Many thanks for your work on this and also your swift response.

 

Regards

Tadhg

 

Hi @tadhgclifford 

 

Awesome work mate - fingers crossed that it fixes it for you. I'd have given anything to find an answer to it when it first started affecting us, so hopefully this will sort your machines out quickly. 

 

Let me know how you get on with it!

 

Cheers,

Matt

@Matt_Ignite Hi guys, back here as well.. 

 

Since yesterday some or all sessions got disconnected multiple times a day.
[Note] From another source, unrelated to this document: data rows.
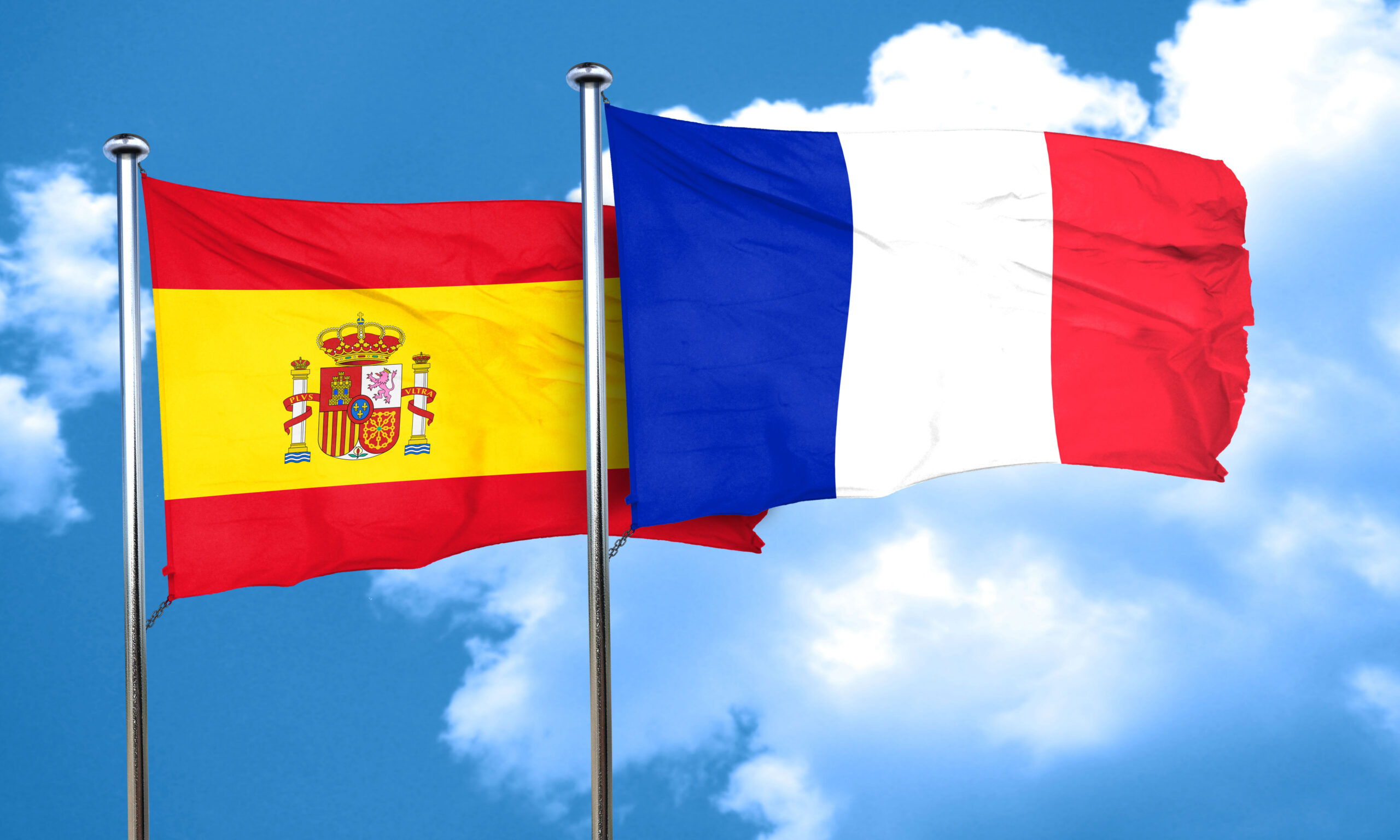 スペインとフランスの国旗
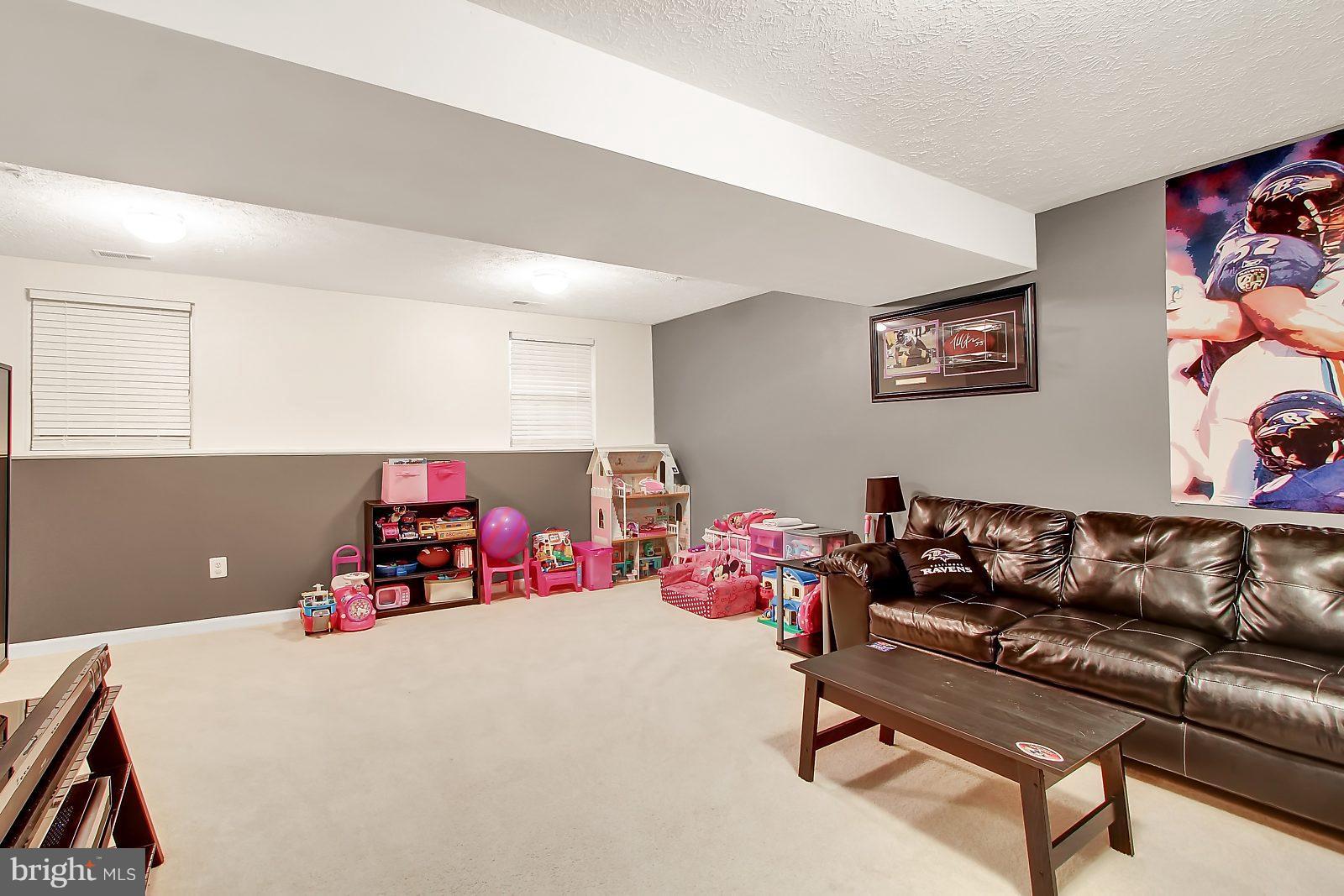 SENECA HARBOR - Residential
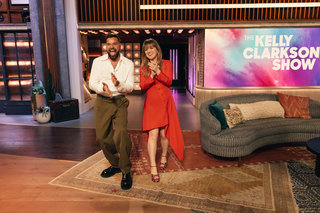 Kelly Clarkson feet photo thumbnail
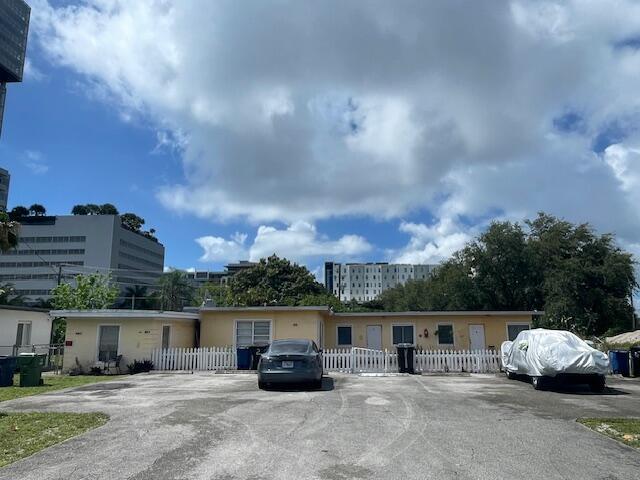 1-4  / 0 2420 sq. ft. $ 2026-06-20 0 foto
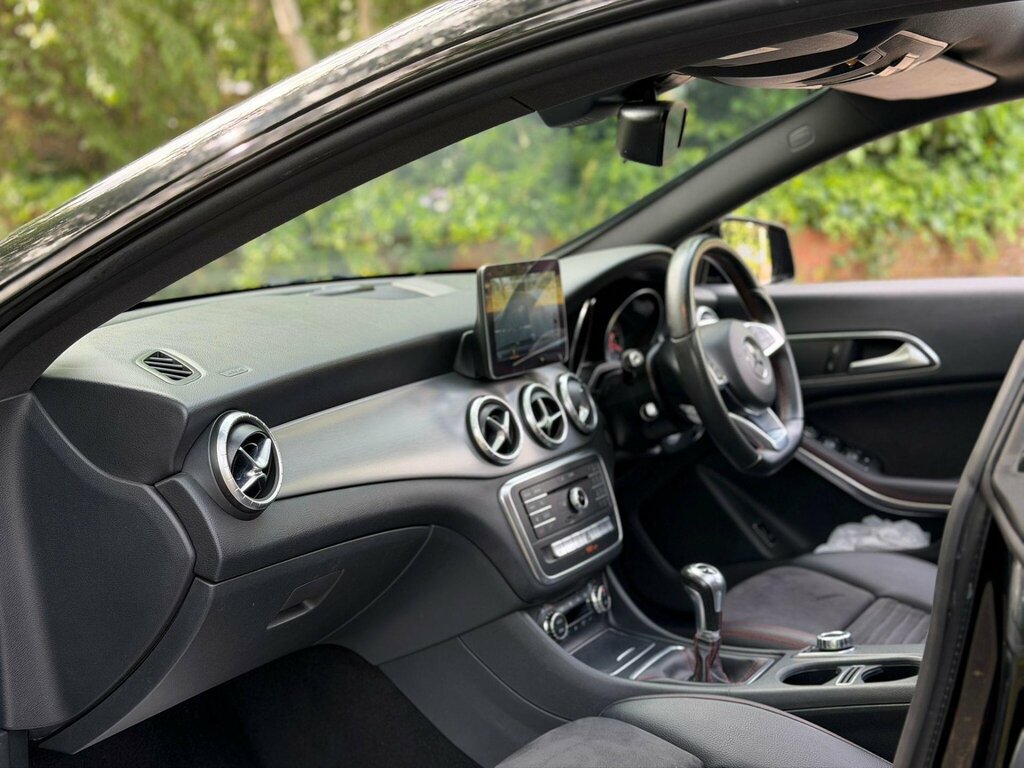Mercedes-Benz CLA Class Auto #14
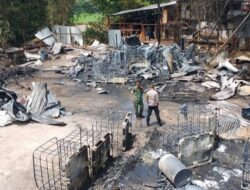 Diduga Ilegal, Warga Resah! Saksi Mata Ungkap Kebakaran Gudang BBM di Bukittinggi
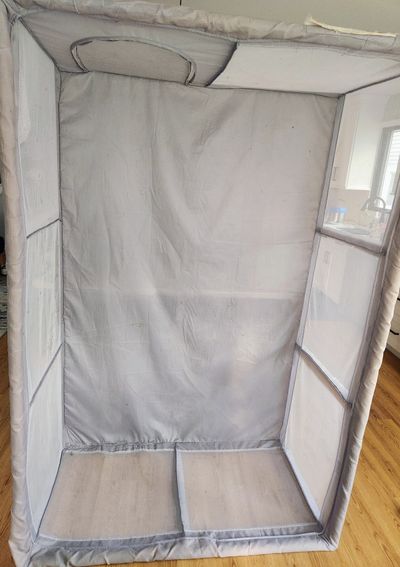NA Large play pen approximately 74x48 inches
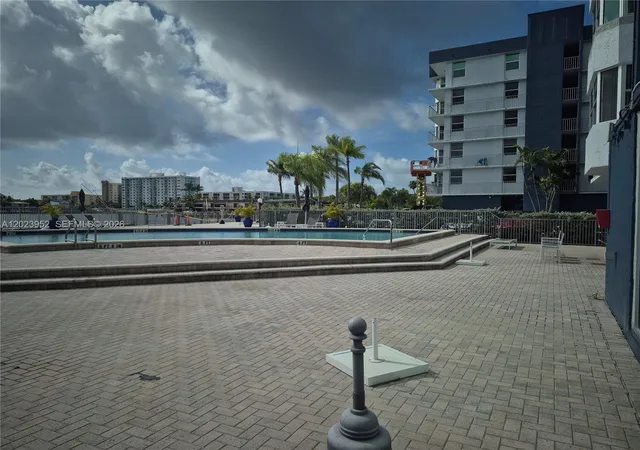 2nd image of 16565 Ne 26Th Ave, North Miami Beach, FL 33160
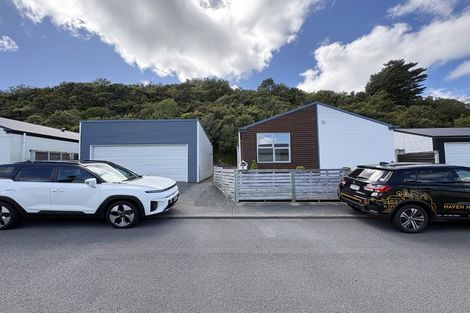 Photo of property in 6 Otonga Heights, Maungaraki, Lower Hutt, 5010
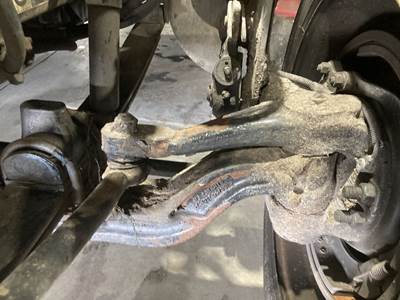 Eaton E-1202I Front Axle Assembly for a Peterbilt 337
All of a sudden. 
Session state: Disconnected. 

When reconnecting users sometimes came back to their 'disconnected' session, and could go on with treir work. But sometimes they came in a new session on a new host (and lost their unsaved work).

Very frustrating!

 

After reading your messages, I applied all the Windows Updates last night (we were on 20H2). All session hosts are now on 21H1. So let's hope this solves the problem...

I'll keep you posted.

@PeterBrothers @tadhgclifford - how have you guys got on over the last couple of days since updating the session hosts? Still happening, or has it got better? 

 

Cheers,

Matt

Touch wood, all has been fine since. No instances of TermService crash at all. Fingers crossed!

@tadhgclifford @Matt_Ignite Same here. Looks stable. Fingers crossed indeed!